Esa mañana fue en coche por mí a la escuela como muchas otras, fuimos a su casa, la casa de su amante en realidad o de su tío, porque yo seguía tratando de pensar que la primera versión de la historia o la segunda eran las verdaderas. Tomamos ron oscuro, sacó un porro y de repente me puse tremendamente paranoica mientras nos besábamos. Recordé y vi, la imagen de mi padre contándome que mi madre era una puta, contándome que había tenido un aborto, contándome todos los pormenores de su vida sexual, a mi, a su hija de ocho años, contándomelo todo con rabia tras su
divorcio. Y me vi a mi y sentí asco, y dije no, no, no, no, no quiero, y forcejeé y cerré las piernas y lo empujé y traté de librarme, porque de un segundo a otro, psicológicamente me había bloqueado, y aquel sí implícito, tácito, rotundo por el cual me había puesto la lencería más sexy que había podido caer en mis manos, se convirtió entonces en un no absoluto. Sin embargo, para él era sólo un juego, uno en el que me sacaba ventaja porque sabía qué hacer y el cual seguro había jugado un montón de veces, era un juego de resistencia en el que la putita dice no y toca forzarla porque sabe que le gusta, sabe que necesitas someterla y usar su fuerza, y sabe que no son sus 80 kg frente a los 50, ni sus músculos, ni sus muslos fuertes abriéndole las piernas. Lo que en realidad lo hará ganar el juego, es saber que ella se siente débil, saber que tiene a una mariposita entre las manos, saber que puede manipularla, que puede hablarle como a una niña y decir incluso: te va a doler pero te va a gustar, riendo, sabe qué es lo que tiene qué hacer, cuánta fuerza imprimir para lastimarla sin romperla, para herirla pero sólo un poco.
Y entonces yo también lo supe, no tenía experiencia, pero en el juego como en todo se necesita intuición e instinto, incluso supe que ese día iba a perder y dejé de luchar y dejé de resistirme, y empecé a pensar que sólo quería que terminara pronto, comencé a pensar en qué podría hacer para ayudar a acabara y después inicié a sentir y me olvidé del tiempo y comenzó a gustarme.
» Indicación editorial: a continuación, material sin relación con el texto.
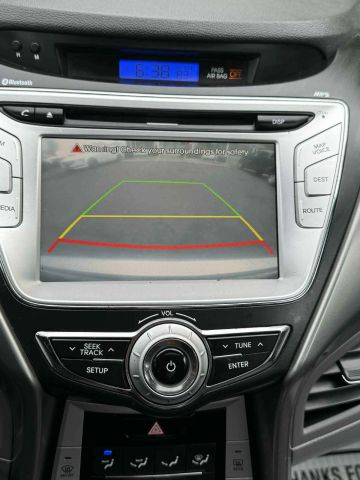 2012 Hyundai Elantra - Image 10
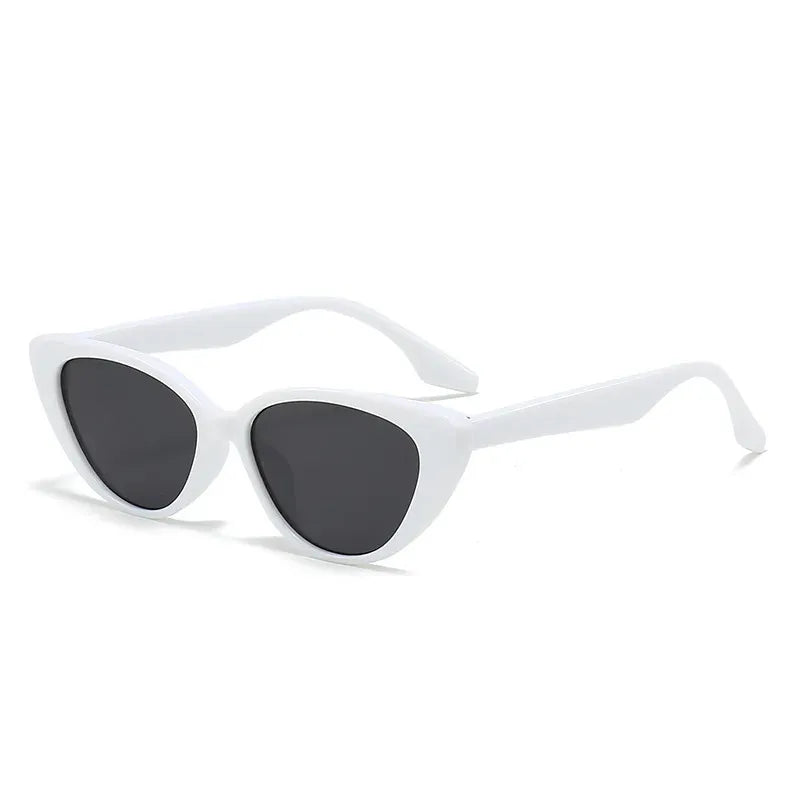 Cat eye sunglasses with a slim retro acetate frame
A él lo vi varias veces más, seguimos saliendo durante meses, me enseñó qué debía hacer. Me trataba, y aun más desde ese día, como a una niña, pon tu piernita aquí y tu mano acá , mientras yo obedecía porque sabía que era un juego que quería seguir jugando y en el que quería ganar. Tal vez por eso la inmensa mayoría de mis orgasmos los he tenido siempre encima suya, esa es otra historia que otro día debo contarte. Sabía que en realidad era un juego de poderes en el que tenía que escalar muchos niveles, sabía que me convenía dejarme llevar, aprender de él, hacerle creer que me estaba utilizando, hacerle creer que yo era esa putita que
había encontrado el camino de la verdad gracias a él, que se había encaminado en la dirección correcta gracias a su tremenda inteligencia. Yo tenía diesisiete años y no era estúpida, supe también perfectamente el día en el que no volvería a verlo, lo presentí y ese día jugué con ansia, con rabia y con astucia, como venía aprendiendo ya a jugar el juego.
Y aprendí que me gustan los perdedores, los tiernos, los que sí pueden llorar, los que abrazan, los que no tienen miedo de besar, los que se quedan a dormir contigo, a los que les cuesta abrirse. Porque aprendí que todos tenemos dificultades en el juego, uno que muchas veces va mal, hasta aprendí que todos querían tenerla grande, y aunque nunca volví a sentirme forzada por nadie a nada, descubrí que a muchos les gusta sentirse ganadores, les gusta llamarte perra, darte duro, tomarte del cuello, darte de nalgadas, y entendí que ellos eran los jugadores realmente vulnerables, a los que podías hacer creer que tenían razón, a los que podía mentir, a los que puedes superar, a los que sueltas, a los que en verdad les atemorizabas, y así empecé a jugar conmigo, a aceptarme, a reírme de mi y de este absurdo nivel de juego qué te enseña a medirte por el tamaño de tu verga o de tus pechos. Un juego si, un poco estúpido, lúdico al fin, divertido como todos.